The information about biomass of the crown in kg/m2 can be added to estimated area for the total count.
• Vegetation indexing- The simplest form of vegetation index is a ratio between near infrared and red reflectance. For healthy living vegetation (see Vegetation health), this ratio will be high due to the inverse relationship between vegetation brightness in the red and infrared regions of the spectrum.
• Coordinate system- The location of a pixel in a file or on a displayed or printed image is expressed using a coordinate system. In two-dimensional coordinate systems, locations are organized in a grid of columns and rows. Each location on the grid is expressed as a pair of coordinates known as X and Y. The X coordinate specifies the column of the grid, and the Y coordinate specifies the row. Image data organized into such a grid are known as image (raster) data.
• Vegetation health- we might consider a forest unhealthy if it loses the ability to maintain or replace its unique species or functions. One way scientists have assessed whether a system is unhealthy is by comparing current conditions with the normal range of dynamics the system has experienced through the past. This concept is referred to as the historic range of variability.
Change can be determined using techniques such as permanent monitoring plots, fire history analyses, old historical photo records or studies of pollen and charcoal layers in bogs or lakes.
These various pieces of information are then integrated with our understanding of the dynamics of the ecosystem. The ability of the forest to sustain itself ecologically and provide what society wants and needs is what defines a healthy forest.
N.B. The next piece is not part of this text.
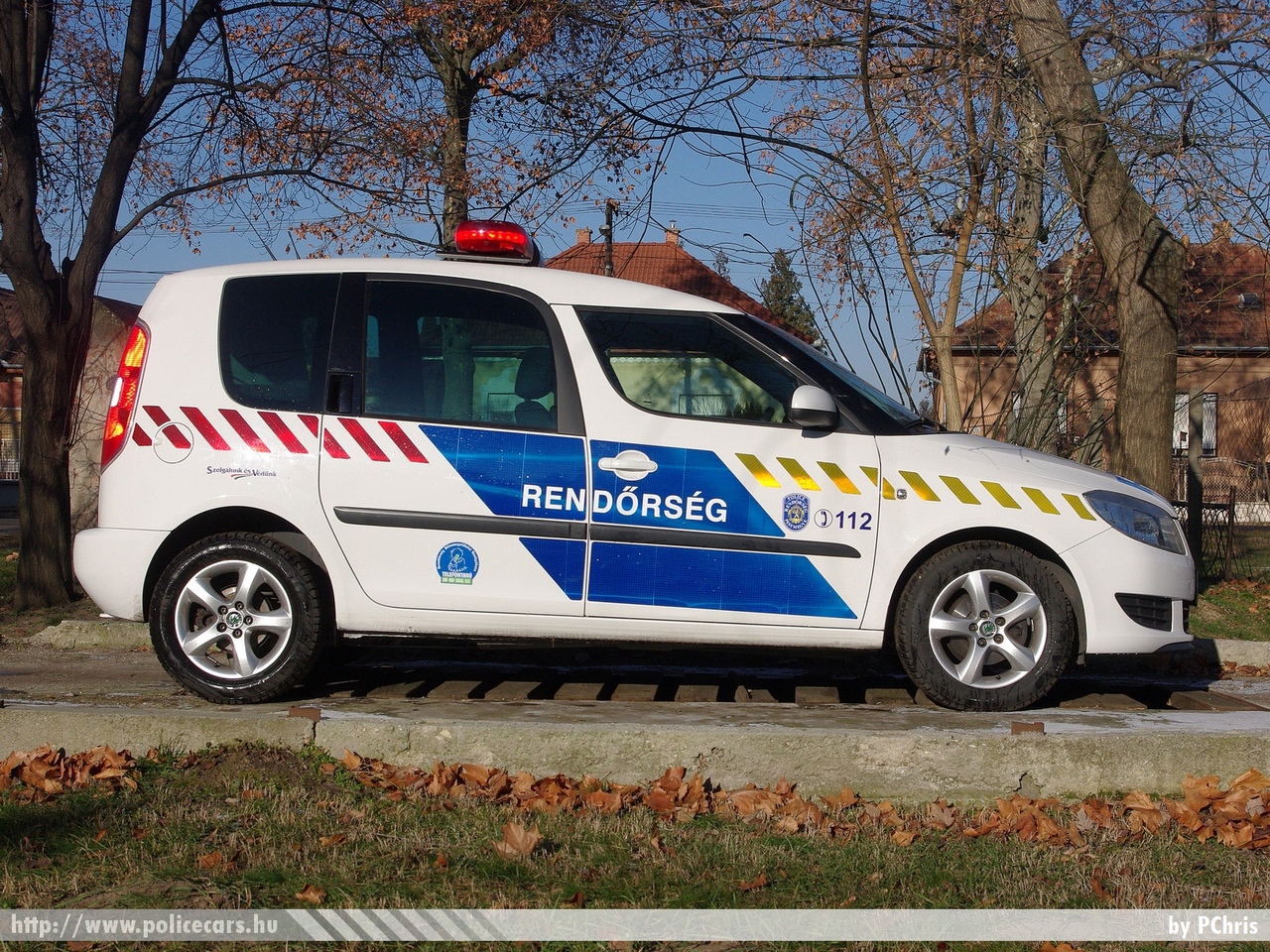 Skoda Roomster, fotó: PChris
Keywords: rendőr rendőrautó rendőrség magyar Magyarország hungarian Hungary police policecar NPY-340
Maintaining the balance between forest sustainability and production of goods and services is the challenge for owners and managers of the state's forests.
- Ecological health: A healthy forest maintains its unique species and processes, while maintaining its basic structure, composition and function.
- ◦Social health: A healthy forest has the ability to accommodate current and future needs of people for values, products and services. (USDA Forest Service, 2011).
• Vegetation growth season- An irreversible increase in the size of the plant, which happen in particular period of the year. Vegetation growth is affected by internal and external factors, which may include the climatic factors (e.g. sun light, rainfall amount, wind, temperature).
During vegetation growth season, the new leaves are continuously or seasonally produced. At the same time the older leaves are shed because newer leaves are metabolically more efficient in the production of photosynthesis.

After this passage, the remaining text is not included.